Un tema tipico nel cinema di fantascienza è il mondo senza di noi, che guarda caso è anche il titolo di un saggio d’Alan Weisman (numero uno nelle classifiche di vendita americane per molti mesi). Un tipico saggio americano frequentato da scienziati seriosi e preoccupati, ma con la barbetta brizzolata, snelli e giovanili a più d’ottant’anni per gamba, con occhi vispi che disegnano una mezzaluna quando riflettono, che si stringono nelle spalle, e forse si torcono le mani, in pratica il buon Veronesi. Be’, in quel saggio c’è scritto che per distruggere un fienile è sufficiente fare un buco di un centinaio di centimetri quadrati nel tetto del fienile, e poi stare a guardare (se a bocca aperta non è scritto) e lasciare fare alla natura. Il giorno dopo la scomparsa dell’uomo la natura già prenderà il sopravvento (e senza incentivi): un esile filo d’erba lasciato a se stesso si trasformerà, piano piano, anno dopo anno, in un possente albero che sbriciolerà il marciapiede.

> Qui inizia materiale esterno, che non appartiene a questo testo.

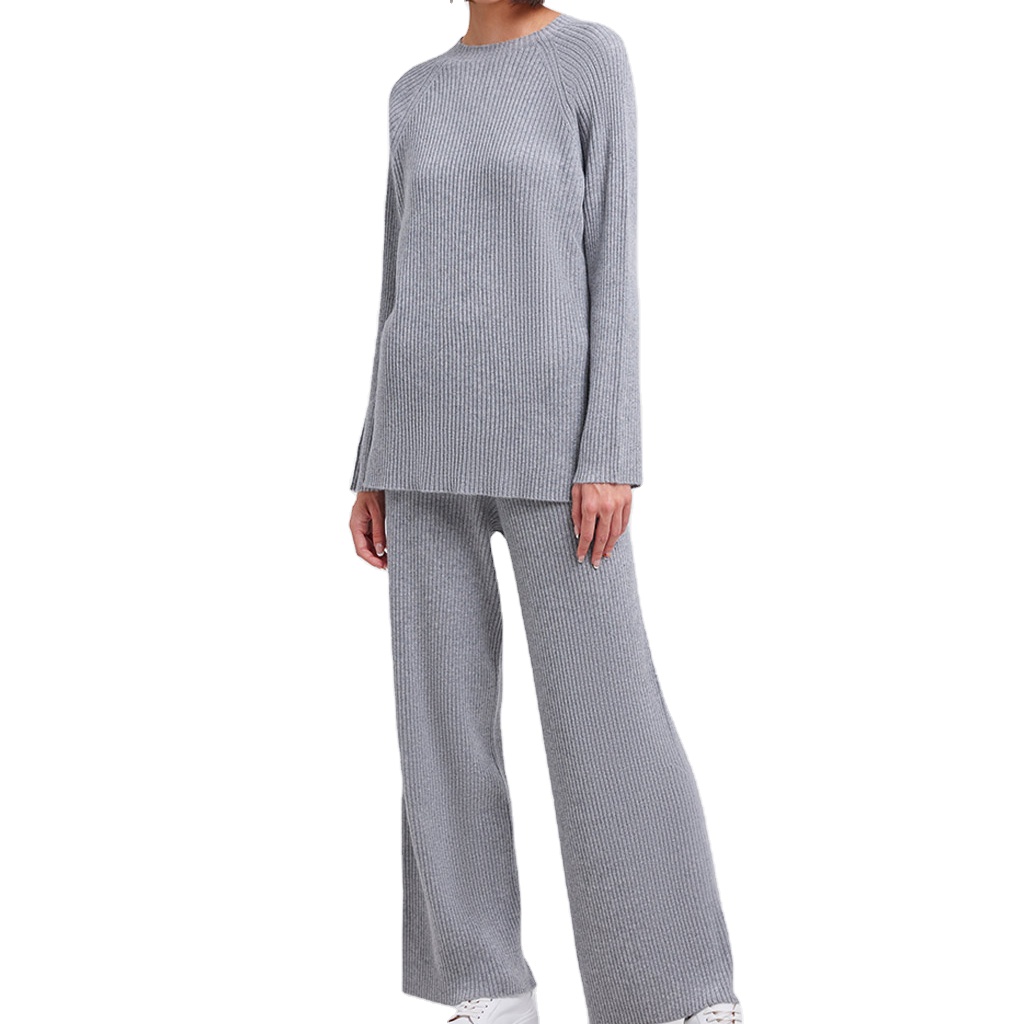 luxury wool cashmere flat knit suit design 2 two piece rib sweater loungewear lounge jogger set tracksuit for women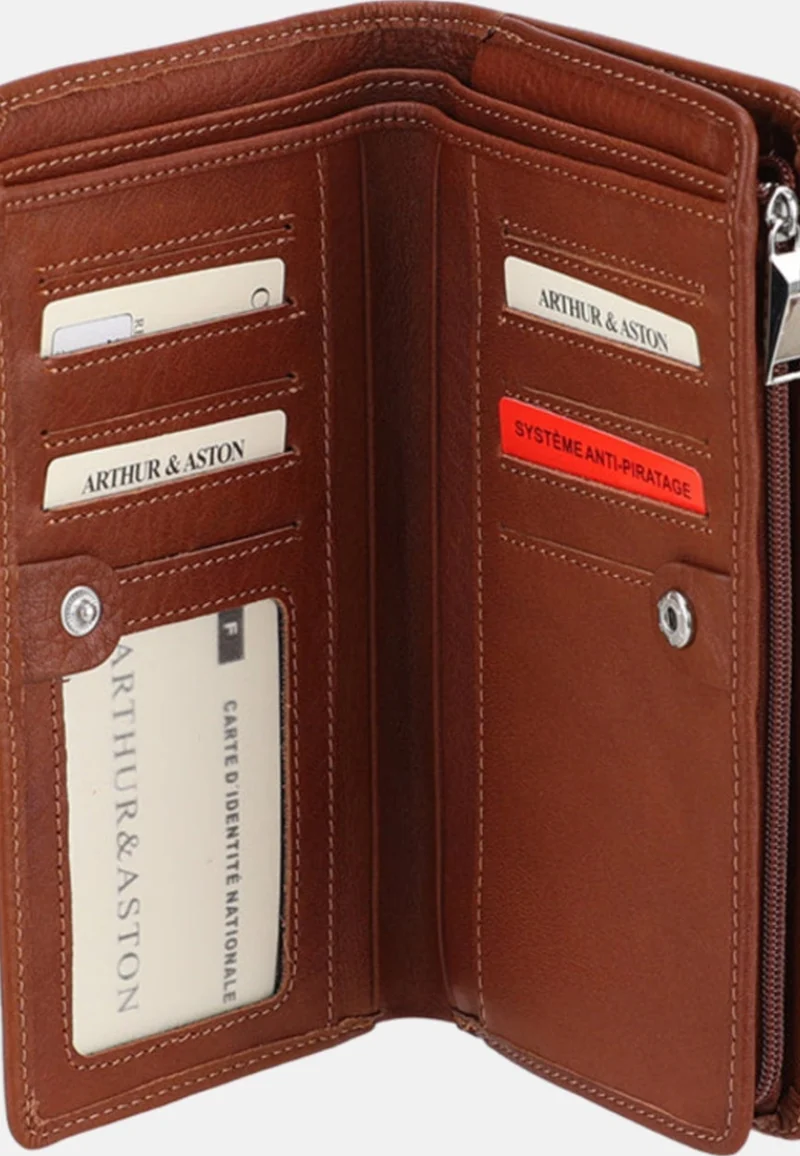 Arthur & Aston Porte Cartes Mixte, Homme, Femme Cognac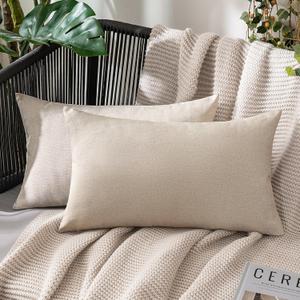 MIULEE Pack of 2 Decorative Outdoor Solid Waterproof Throw Pillow Covers Faux Linen Garden Farmhouse Cushion Cases for Patio Tent Balcony Couch Sofa 20x12 Inch Beige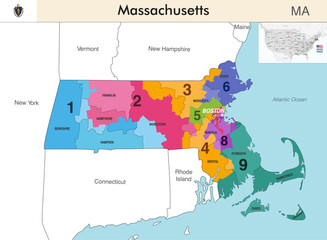 Wall Mural - Massachusetts state map with counties borders and colored congressional districts boundaries due to The 2020 United States census and which is valid since 2023. Flag of Massachusetts. Vector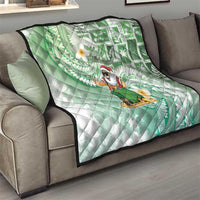 Hawaii Mele Kalikimaka Quilt Hula Santa Retro Style Green - Polynesian Pride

E ancora una volta ci si ritrova in questa Los Angeles post-qualcosa-di-terrificante, nel caso particolare post terremoto del 1998. L’anno però è il 2013, e un certo Kurt Russell percorre la notte e le strade sbriciolate della città in rovina, alla ricerca della figlia del presidente. Stanco si siede al confine della notte e di Beverly Hills, volta le spalle ad un negozio di robivecchi, a qualcuno che vende mappe per le stelle.
Sono passati 42 anni, ma il negozio non è affatto cambiato, come le mummie della cripta dei cappuccini che guardate... gli manca solo la parola (o almeno questo è ciò che Alberto Angela immancabilmente osserva), così il negozio è sempre quello, indimenticabile, di Sanford & Son.
Certo, il terremoto del 1998 deve avere aperto almeno un buco nel tetto, tuttavia è un miracolo, un miracolo a Los Angeles, che sia rimasto in piedi e aperto (anche di notte).